The reason the opening post in this thread is so senseless, is that it presumes that hitting one rich person with a rolled up newspaper somehow fixes the systemic failures that brought about the inequality in the first place.
The problem is that some people seem to have confused free market capitalism with plutocracy. Free market capitalism (which is the idea these people profess to believe) says that people rise and fall based on their abilities. So Bill Gates made money when he made good financial decisions and he lost money when he made bad financial decisions. Somebody else who was making better decisions pulled ahead of Gates in the financial competition. The system is supposed to take money away from rich people when they make mistakes.
Of course, rich people don’t see the merits of this. They (and their fanboys) may pay lip service to free market capitalism but what they really want is plutocracy. They want a system where rich people stay rich. A generous plutocrat might be willing to admit new members to the rich man’s club - but no plutocrat wants to see any rich man getting kicked out.
I agree. But the wealthy shouldn’t pick winners and losers either. Because they’ll pick themselves as winners, even if somebody else had a better score.
To expand on the sports metaphor, the government shouldn’t decide who wins or loses the game and shouldn’t be out there playing the game. But the government should act as the commissioner and the referees to enforce the rules and make sure nobody’s cheating.
Libertarians are right that the government should not pick winners and losers. But libertarians are wrong when they say it’s okay for the players to officiate their own games.
A specific outcome isn’t necessarily right or wrong. A system that consistently concentrates all societal gains into the hands of a very few is broken.
Everyone is trying to maximize their income. If only a few percent rise while everyone treads water, that’s a problem. Can you agree with that?
It’s a problem, but it’s easier to correct artificial causes than natural ones. If the system is rigged, it can be unrigged. If it’s not rigged, then you have to rig it to somehow be “fairer” which is something beyond mere human abilities.
That’s nonsense. First, all economic systems are rigged. That goes with them being made up out of self interested humans. And second, it is most certainly possible for a system to be “rigged” to be fairer; that’s the norm in any civilized society.
I have heard of these things called “good paying jobs” that might make a good substitute for disability funds, but there don’t seem to be many of them around nowadays. A pity.
Rigging something to advantage one group over another is child’s play. Rigging something to be fair to all is impossible. In reality, what many Americans want is a system rigged to benefit the middle class at the expense of the poor and rich alike.
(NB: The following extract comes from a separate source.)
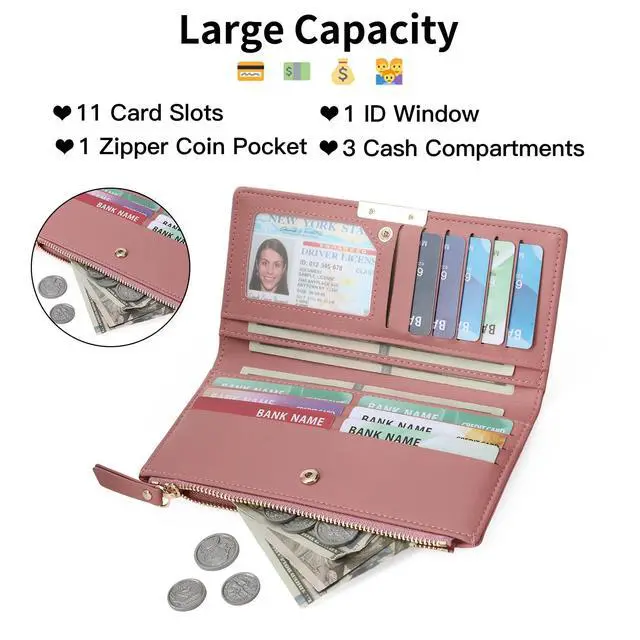 Alt view image 2 of 7 - Slim Women's Wallet Ladies Credit Card Holder Bifold RFID Blocking | Flat, Thin, Compact Size, Long Billfold with Coin Zipper Pocket, Anti-theft, Secure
Most people see their interests in the most virtuous light.
We already treat labor differently from all other services. Whereas a doctor does not have the right to patients and a lawyer does not have the right to clients, we often consider all people who desire to work as having a right to a good job somehow. Furthermore, labor is exempt from anti-trust laws and labor is protected by price controls as well. Why do we do this? Because most people are laborers, and so laborers see what they sell as special and deserving of special protections in the system not available to those who sell other goods or services.
And despite all this, wealth inequality grows. Many libertarians would make the case that it’s precisely because the system tried to be rigged in favor of labor that labor was harmed.